START Data records

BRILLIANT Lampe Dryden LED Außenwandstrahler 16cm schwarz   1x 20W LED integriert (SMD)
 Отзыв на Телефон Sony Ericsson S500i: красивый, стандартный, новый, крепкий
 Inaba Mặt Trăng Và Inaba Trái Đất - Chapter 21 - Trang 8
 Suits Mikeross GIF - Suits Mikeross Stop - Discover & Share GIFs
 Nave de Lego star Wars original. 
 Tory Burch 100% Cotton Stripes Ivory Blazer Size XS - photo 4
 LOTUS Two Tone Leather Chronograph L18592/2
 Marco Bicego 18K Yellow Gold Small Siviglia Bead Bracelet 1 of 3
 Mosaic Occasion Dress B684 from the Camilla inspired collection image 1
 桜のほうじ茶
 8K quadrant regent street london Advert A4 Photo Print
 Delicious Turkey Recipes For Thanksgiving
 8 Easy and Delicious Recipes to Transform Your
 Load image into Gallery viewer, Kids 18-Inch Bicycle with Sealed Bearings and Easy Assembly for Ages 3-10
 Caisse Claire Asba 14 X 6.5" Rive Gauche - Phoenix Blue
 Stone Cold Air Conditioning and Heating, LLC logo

END Data records

What this task involves — When a line in the material contains the string "Recipes", copy that line.

Your response —
 Delicious Turkey Recipes For Thanksgiving
 8 Easy and Delicious Recipes to Transform Your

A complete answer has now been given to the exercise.